What you need to do> Every line from the one containing "1906 Deming Dr" to the end of the records below must be copied exactly, and no pictures may be included.

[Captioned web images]
###

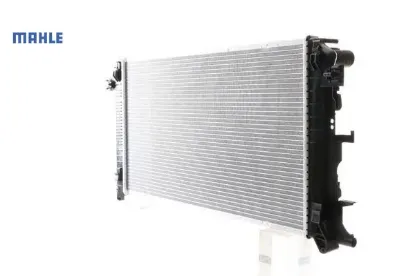 Motor su radyatoru sprınter b906 . Crafter 30-35-50 680x388x26 mahle a9065000002/ 2e0121253a resmi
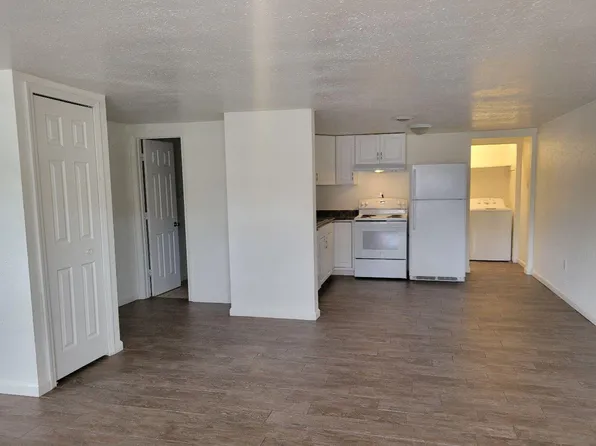 1906 Deming Dr Unit 3, Mount Pleasant, MI 48858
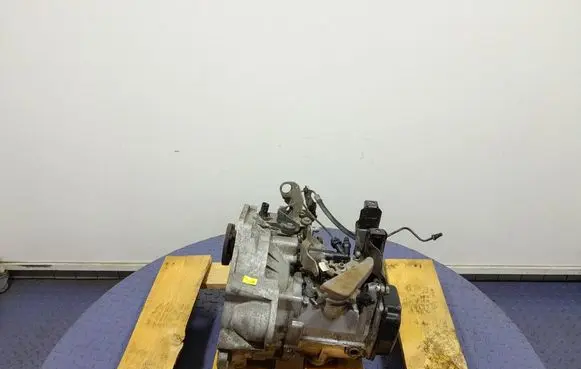 Volkswagen Polo Manual 6 speed gearbox GGV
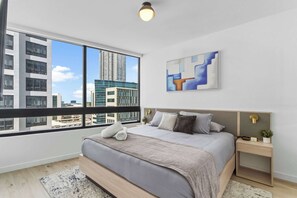 1 bedroom, desk, iron/ironing board, WiFi - Luxe 1BR · FIFA Fan Fest · Resort & Free Parking (Miami)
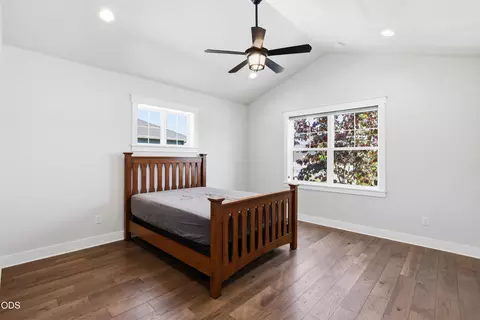 Bedroom - 409 Sand Pointe Dr, Central Point, OR 97502 photo 1 of 1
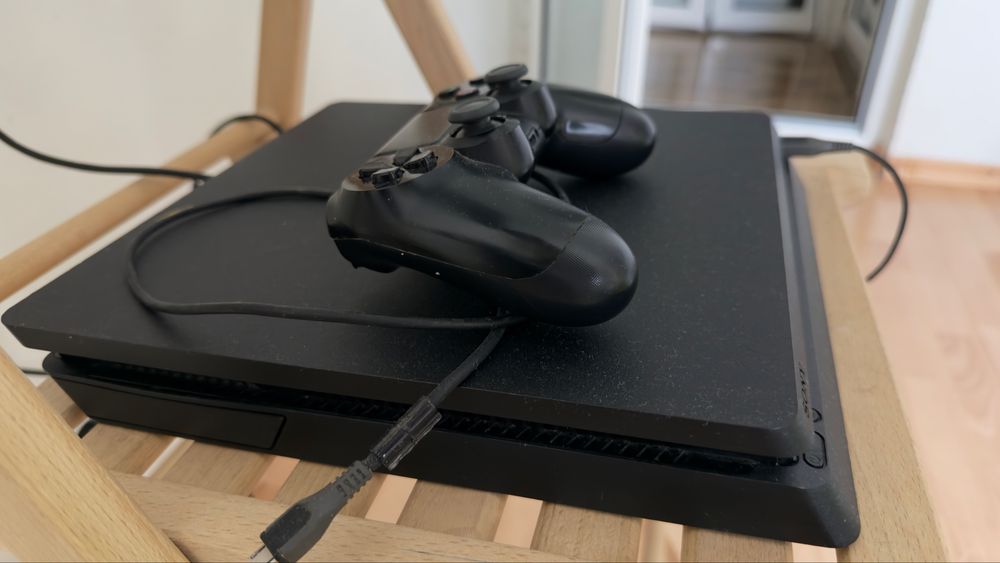 Play station 4.       3 manete
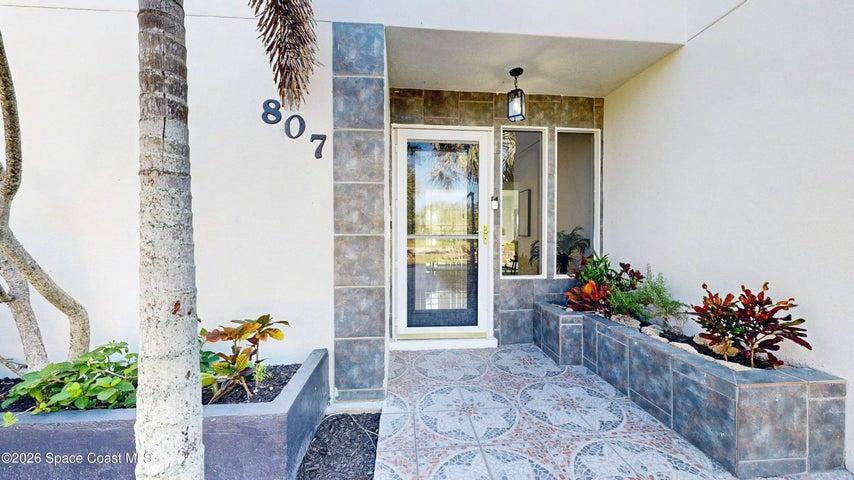 807 W Central Boulevard, Cape Canaveral, FL, 32920 photo 4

###

Answer to this task>
 1906 Deming Dr Unit 3, Mount Pleasant, MI 48858
 Volkswagen Polo Manual 6 speed gearbox GGV
 1 bedroom, desk, iron/ironing board, WiFi - Luxe 1BR · FIFA Fan Fest · Resort & Free Parking (Miami)
 Bedroom - 409 Sand Pointe Dr, Central Point, OR 97502 photo 1 of 1
 Play station 4.       3 manete
 807 W Central Boulevard, Cape Canaveral, FL, 32920 photo 4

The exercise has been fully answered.